Born a century ago in Melbourne, Sidney Nolan is considered one of Australia’s leading modern artists, with diverse work including painting, photography and stage design. He is perhaps best known for his series of paintings on legends from Australian history, most famously Ned Kelly.
From 1983 until his death, Nolan lived in The Rodd in Herfordshire near the Welsh borders, the landscape around which is said to have reminded him of the vast wide spaces of Australia and other places he had visited. The Sidney Nolan Trust was established in 1985 to support artists and musicians and provide exhibition space for works by Nolan and others at The Rodd.
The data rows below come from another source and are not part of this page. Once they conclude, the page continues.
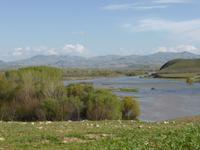 395-Iran_Zarrineh-Rud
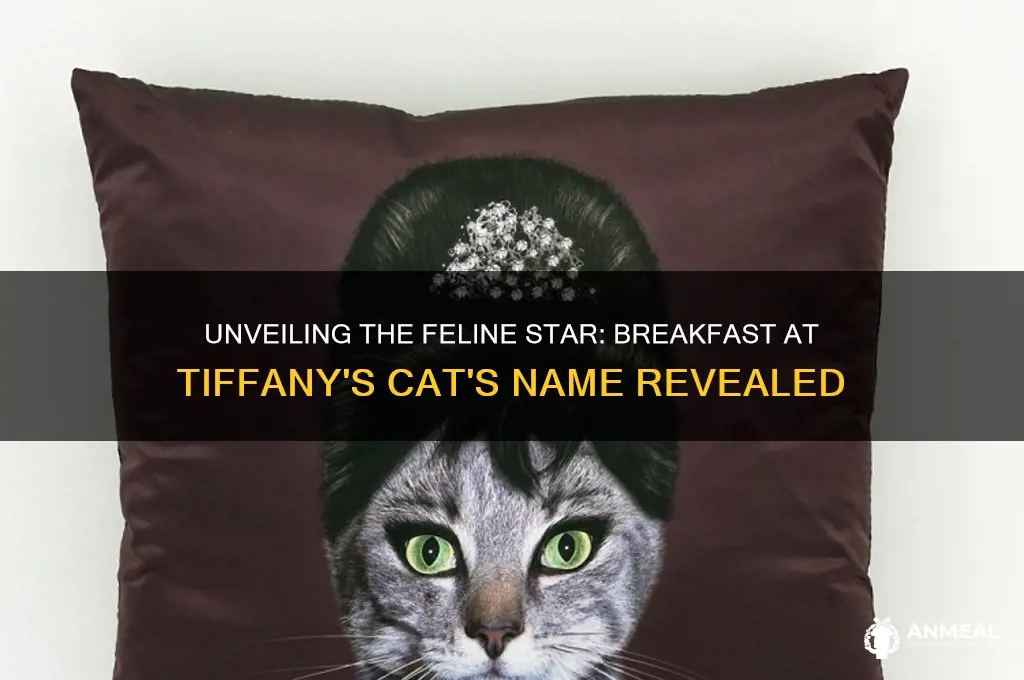 what is the cat name in breakfast at tiffany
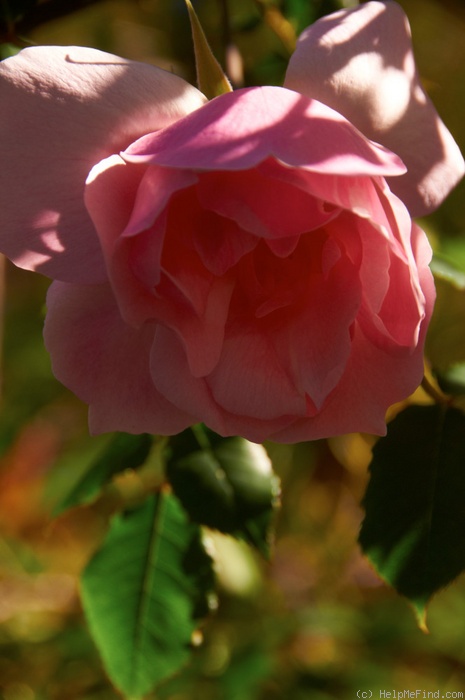 'Lijang Rose' rose photo
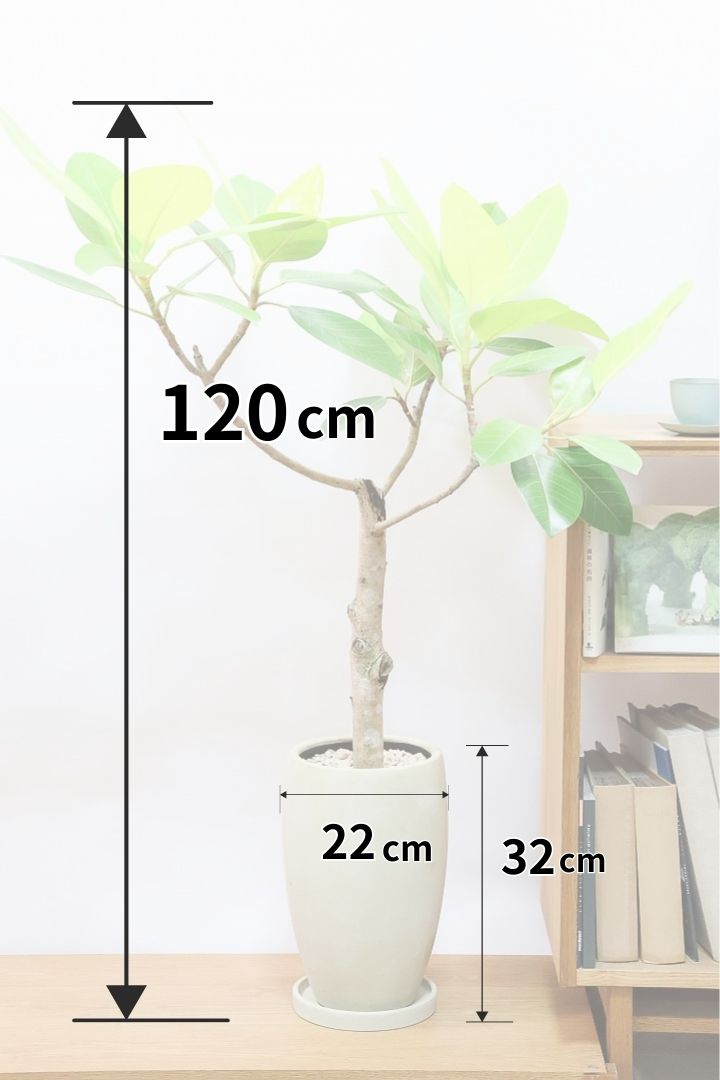 【フィカス ゴールド】久々の入荷!葉がゴールド一色の希少なフィカス。しかもここまで個性的な樹形は更に希少!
This year the Trust celebrates the centenary of Nolan’s birth with a series of events, including “Unseen”, an exhibition of 50 years of his work in the grand neo-classical architecture of the Australian High Commission in London.
The exhibition shows Nolan’s diversity from the early youthful portrait “Head of Rimbaud” of 1939, through the abstract works of the 1940’s to his more sinister “Heads” and “Convict” from the 1950’s when he also painted “Crucifixion”, and then onto through landscapes and other works, including one of his paintings of Ned Kelly, to his large abstract works from 1986, a few years before his death.
The works are primarily from the collection of the Sidney Nolan Trust itself and the exhibition’s title reflects the fact that many of these are stand-alone paintings and not part of a major series, which was often one of the characteristics of Nolan’s output as he brought paintings together as if in a poetic story.